Anti-Money Laundering Program – Some Key Questions

QUESTION
We are unsure of a few anti-money laundering issues. We know that you probably come across some of these issues all the time in your AML testing. Please enlighten us on how to deal with these questions.
  1. After the filing of one or more SARs, what do we do if law enforcement contacts us requesting more specific information about the suspicious activity or requesting supporting documentation, and also if a law enforcement agency tells us that it does not intend to investigate the matter reported on the SAR?
  2. Do we file the SAR on activity deemed to be suspicious even when a portion of the activity occurs outside of the United States or the funds involved in the activity originated from outside the United States?
  3. Should we close an account (i.e., a loan application), if we identify suspicious activity?
  4. How do we decide to extend the SAR filing period passed the 30-day rule requirement?
  5. What should be done during an AML Program test?

ANSWER
Over the years our AML tests and risk assessments have given us considerable insight into the FinCEN requirements for residential mortgage lenders and originators. 

Your questions are good and reflect the concerns of many financial institutions.

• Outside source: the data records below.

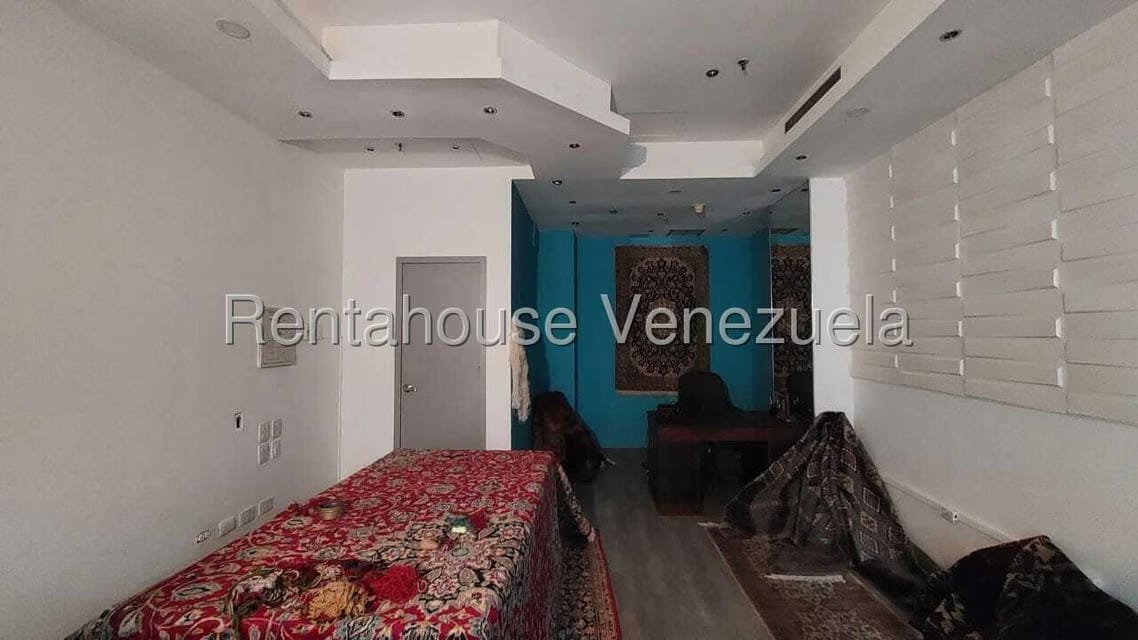Comercial (Local Comercial) en Venta en Lomas de La Lagunita, Distrito Metropolitano - 3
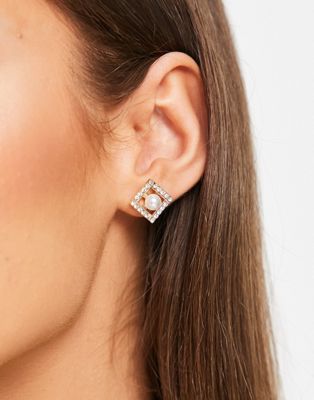 True Decadence square oversized stud earring in gold with pearl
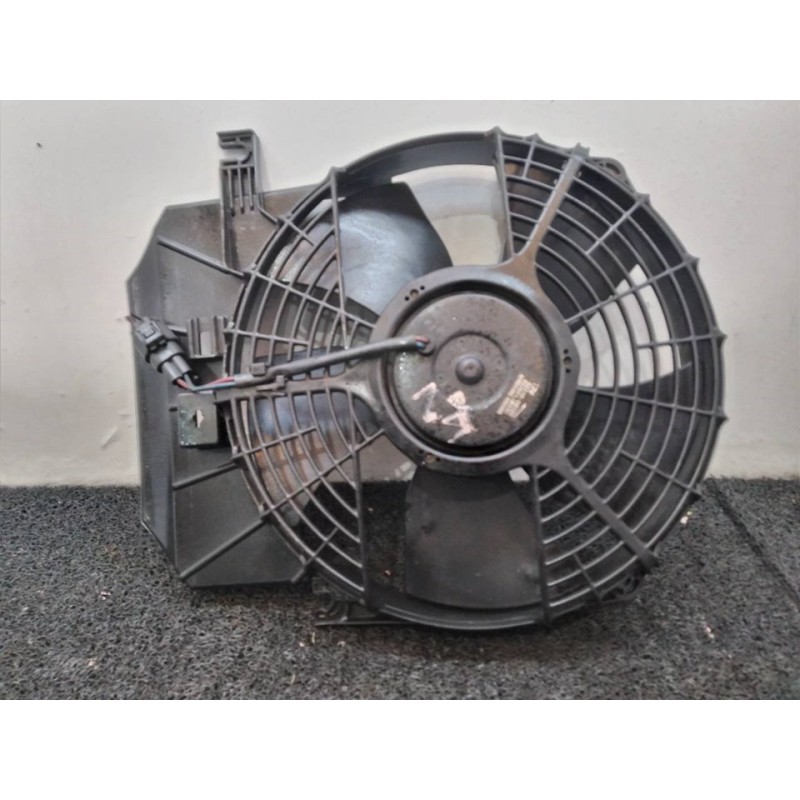 Recambio de electroventilador radiador aire acondicionado para ssangyong rexton 290 referencia OEM IAM 8821008120 - Negro 2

Here follows some guidance responsive to your questions.
  1. If conduct continues for which a SAR has been filed, companies should report continuing suspicious activity with a SAR being filed at least every 90 days, even if a law enforcement agency has declined to investigate or there is the knowledge that an investigation has begun. Moreover, the information contained in a SAR that one law enforcement agency has declined to investigate may be of interest to other law enforcement agencies, as well as supervisory agencies.
  2. Although foreign-located operations of U.S. companies are not required to file SARs, a financial institution may wish to file a SAR with regard to suspicious activity that occurs outside the United States that is so egregious that it has the potential to cause harm to the entire organization.

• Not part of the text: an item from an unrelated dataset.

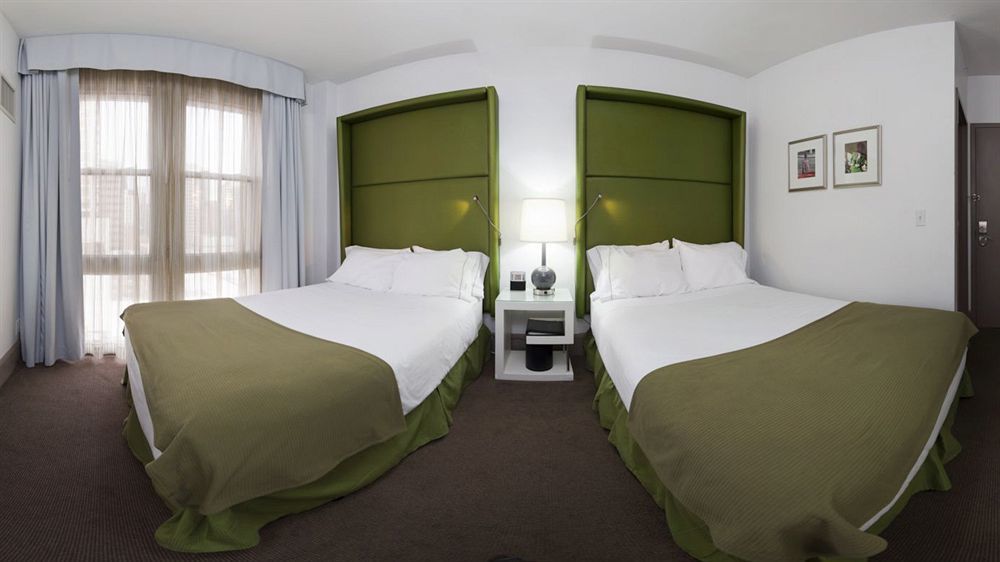Holiday Inn Express Chicago - Magnificent Mile By Ihg Exterior foto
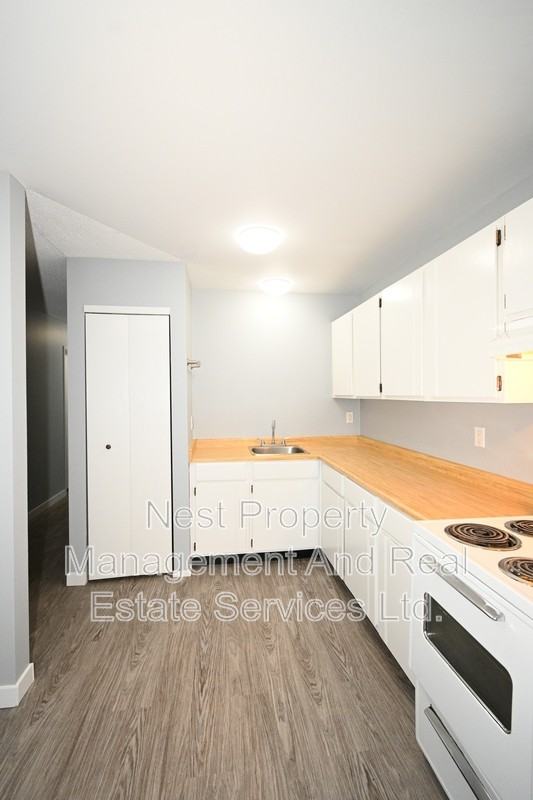 3030 Mcgill Cres #16 - Photo 2 of 12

  3. Closing a customer account as the result of the suspicious activity is a determination to make in light of the information available. Filing a SAR, on its own, should not necessarily be the basis for terminating a customer relationship. Rather, a determination should be made with the knowledge of the facts and circumstances giving rise to the SAR filing, as well as other available information that could tend to impact on such a decision. When faced with this decision, it may be advisable to include the organization's counsel, as well as other senior staff, in such determinations.
  4. SAR rules require that a SAR is filed no later than 30 calendar days from the date of the initial detection of the suspicious activity, unless no suspect can be identified, in which case, the time period for filing a SAR is extended to 60 days. The fact that a review of customer activity or transactions is determined to be needed is not necessarily indicative of the need to file a SAR, even if a reasonable review of the activity or transactions might take an extended period of time. The time to file a SAR starts when the financial institution, in the course of its review or on account of other factors, reaches the position in which it knows, or has reason to suspect, that the activity and/or transactions under review meet one or more definitions of suspicious activity.
  5. The AML Program test should provide a fair and unbiased appraisal of each of the required elements of the anti-money laundering program, including its Bank Secrecy Act (“BSA”) policies, procedures, internal controls, recordkeeping and reporting functions, and training. The test should consider internal controls and transactional systems and procedures to identify problems and weaknesses and, if necessary, recommend to management appropriate corrective actions. The test also should cover all anti-money laundering program actions taken by – or defined as part of the responsibility of – the designated compliance officer, including a determination of the level of money laundering risks faced by the business, the frequency of BSA anti-money laundering training for employees, and the adoption of procedures for implementation and oversight of program-related controls and transactional systems. A risk rating should be provided to assess continuity over time.